ADVERTISEMENT

Finance Minister Nirmala Sitharaman on Friday reaffirmed the government's commitment to pushing ahead with reforms to sustain India's economic growth momentum despite mounting global challenges.
Her remarks came on a day when the Reserve Bank of India (RBI) lowered its GDP growth forecast for FY27 to 6.6%, down from the 6.9% projected in April, citing elevated energy and commodity prices and persistent supply-chain disruptions stemming from the conflict in West Asia.
While acknowledging the uncertain global backdrop, Sitharaman pointed to the economy's recent performance as evidence of India's resilience and growth potential.
"Our government, led by Hon'ble PM Shri @narendramodi, is committed to further drive the 'Reform Express' with decisive policy measures to ensure positive economic momentum amidst the global challenges," Sitharaman said in a post on X.

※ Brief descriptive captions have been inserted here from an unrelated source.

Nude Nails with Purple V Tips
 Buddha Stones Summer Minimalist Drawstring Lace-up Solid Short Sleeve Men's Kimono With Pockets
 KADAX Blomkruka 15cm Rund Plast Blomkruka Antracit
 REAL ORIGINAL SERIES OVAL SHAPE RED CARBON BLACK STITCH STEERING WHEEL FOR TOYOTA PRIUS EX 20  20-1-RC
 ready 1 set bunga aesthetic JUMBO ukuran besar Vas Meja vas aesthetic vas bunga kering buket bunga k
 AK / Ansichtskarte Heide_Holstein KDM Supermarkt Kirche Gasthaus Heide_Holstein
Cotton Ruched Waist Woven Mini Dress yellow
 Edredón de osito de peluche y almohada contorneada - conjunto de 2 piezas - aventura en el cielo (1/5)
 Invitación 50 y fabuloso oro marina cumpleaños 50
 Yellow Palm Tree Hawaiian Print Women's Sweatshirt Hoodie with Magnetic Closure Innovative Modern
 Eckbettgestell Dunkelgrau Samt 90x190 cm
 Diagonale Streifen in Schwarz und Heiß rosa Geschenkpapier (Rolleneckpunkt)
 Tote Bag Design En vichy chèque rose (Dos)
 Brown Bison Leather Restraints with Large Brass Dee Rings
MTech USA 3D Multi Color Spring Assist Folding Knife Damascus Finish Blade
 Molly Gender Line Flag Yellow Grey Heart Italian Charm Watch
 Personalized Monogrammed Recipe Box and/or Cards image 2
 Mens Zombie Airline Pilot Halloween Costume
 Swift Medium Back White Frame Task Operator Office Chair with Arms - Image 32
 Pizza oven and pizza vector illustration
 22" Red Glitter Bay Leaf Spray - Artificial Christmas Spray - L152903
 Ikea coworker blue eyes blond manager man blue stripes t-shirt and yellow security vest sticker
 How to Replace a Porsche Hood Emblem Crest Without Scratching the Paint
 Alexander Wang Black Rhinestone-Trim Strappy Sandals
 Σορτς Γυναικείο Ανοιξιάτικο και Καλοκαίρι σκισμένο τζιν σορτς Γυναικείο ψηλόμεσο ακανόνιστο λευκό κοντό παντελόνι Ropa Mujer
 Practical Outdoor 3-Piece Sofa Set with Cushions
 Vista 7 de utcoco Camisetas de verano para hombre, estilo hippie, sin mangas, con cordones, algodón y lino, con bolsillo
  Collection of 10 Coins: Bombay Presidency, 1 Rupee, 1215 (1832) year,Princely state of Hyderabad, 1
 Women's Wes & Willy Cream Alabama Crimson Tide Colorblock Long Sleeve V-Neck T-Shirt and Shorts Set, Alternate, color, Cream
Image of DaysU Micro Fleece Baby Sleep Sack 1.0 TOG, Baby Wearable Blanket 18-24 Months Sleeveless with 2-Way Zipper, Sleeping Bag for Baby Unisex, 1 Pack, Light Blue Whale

The finance minister's comments followed the release of economic data showing that India's real GDP is estimated to have grown by 7.7% in FY26, according to provisional estimates. Real gross value added (GVA), a key measure of economic activity, expanded by 7.9% during the fiscal year.
The economy also maintained a strong pace in the final quarter of FY26. Real GDP and real GVA are estimated to have grown by 7.8% and 7.9%, respectively, in the January-March period.
Several sectors posted double-digit growth during the year, reflecting broad-based economic expansion. These included manufacturing, trade and repair services, hotels and transport, communication and broadcasting-related services, storage, as well as financial, real estate and professional services.
In a separate measure aimed at strengthening foreign investor participation in India's debt market, the government on Friday exempted foreign portfolio investors (FPIs) from income tax on interest earnings and capital gains arising from investments in government securities.
The Centre promulgated an ordinance amending the Income Tax Act to provide the exemption on interest income and gains arising from the sale, transfer or exchange of government securities.
According to a gazette notification issued on June 5, the tax relief will be effective from April 1 and will apply to interest income and capital gains earned by FPIs on investments in government securities from that date onward.
The move is expected to enhance the appeal of Indian government bonds among global investors and support foreign capital inflows at a time when external uncertainties and geopolitical tensions continue to weigh on financial markets.